(Data section begins)

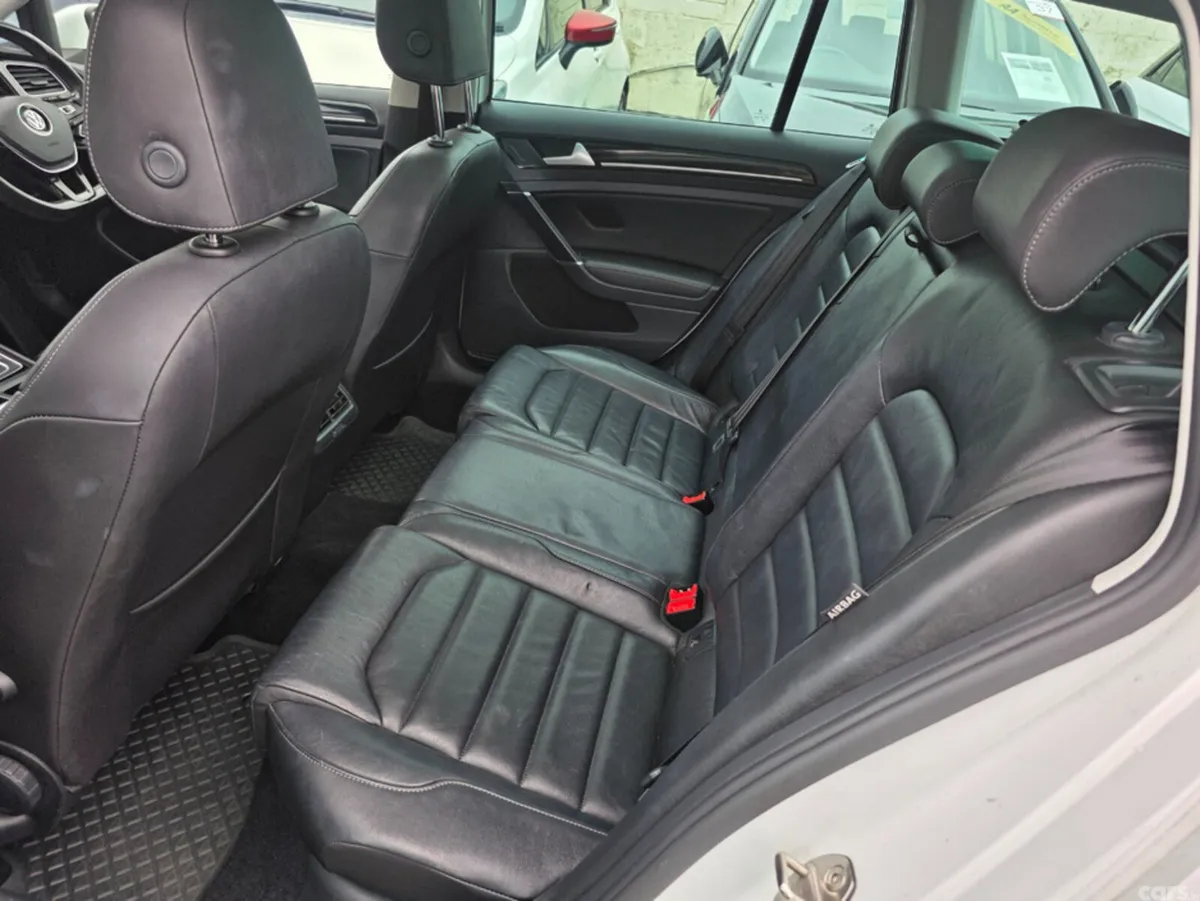 Volkswagen Golf Estate, Petrol, 2014, White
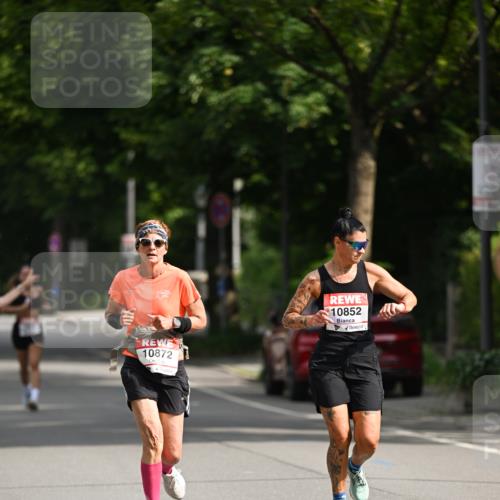 15.06.2025 - REWE Women's Run Dr. Thomas Lammeyer http://msf.ph/oto/7950595 15.06.2025 09:36:11 Laufen 10872, 10852 meine-sportfotos.de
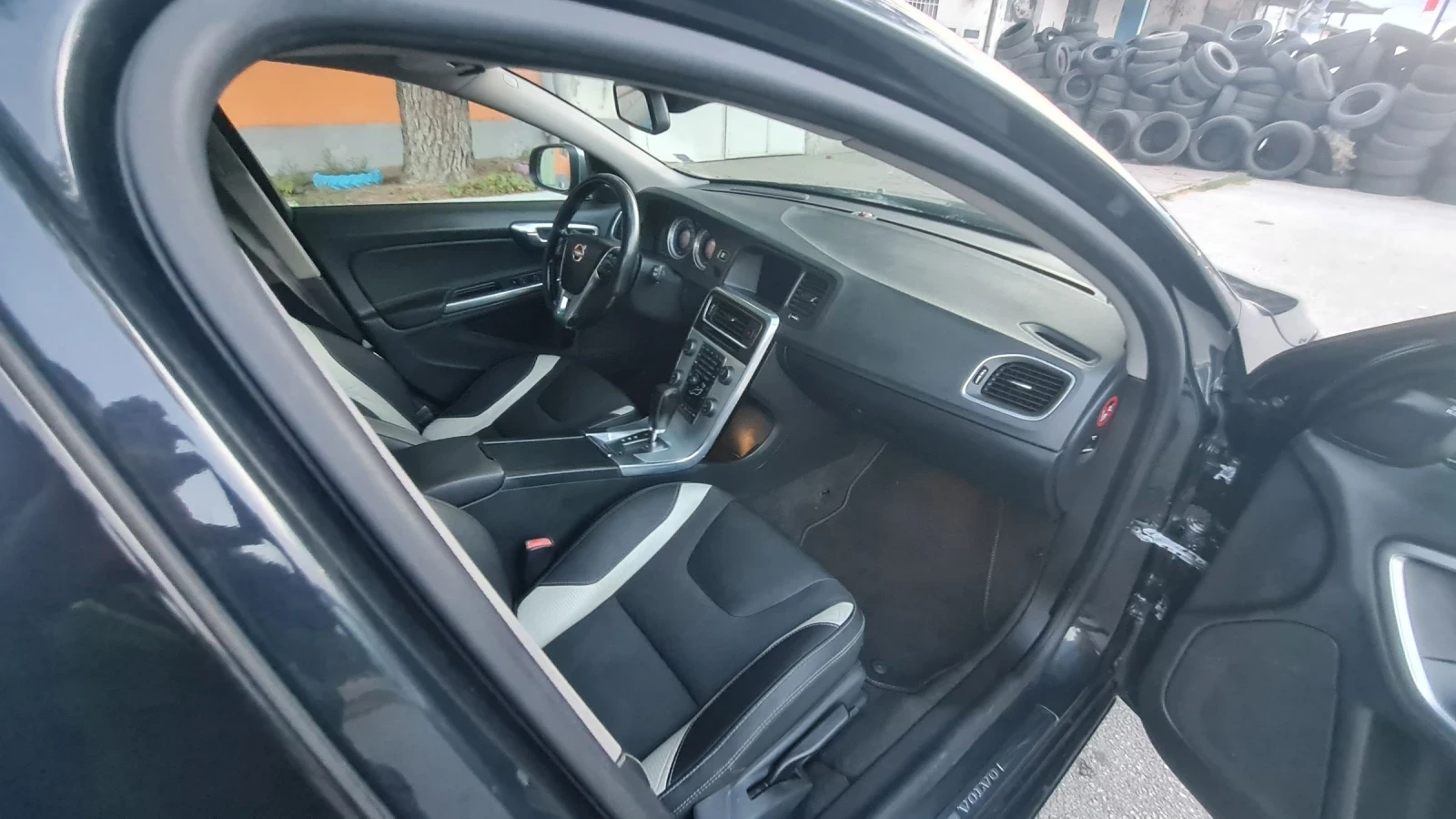 Volvo V60 V60/R, DESIGN/SWISS/D5/215�.�. | Mobile.bg � ����������� 4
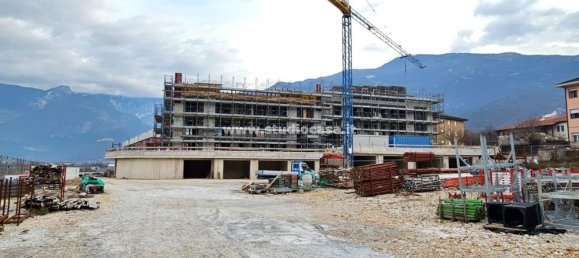 Квартира с 3 комнатами в Тренто, Италия № 37875 3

(Data section ends)

Task directions -
Nothing but the lines from the line with "15.06.2025 - REWE" through the last line of the listing above should be repeated, and pictures should be left out.

Result -
 15.06.2025 - REWE Women's Run Dr. Thomas Lammeyer http://msf.ph/oto/7950595 15.06.2025 09:36:11 Laufen 10872, 10852 meine-sportfotos.de
 Volvo V60 V60/R, DESIGN/SWISS/D5/215�.�. | Mobile.bg � ����������� 4
 Квартира с 3 комнатами в Тренто, Италия № 37875 3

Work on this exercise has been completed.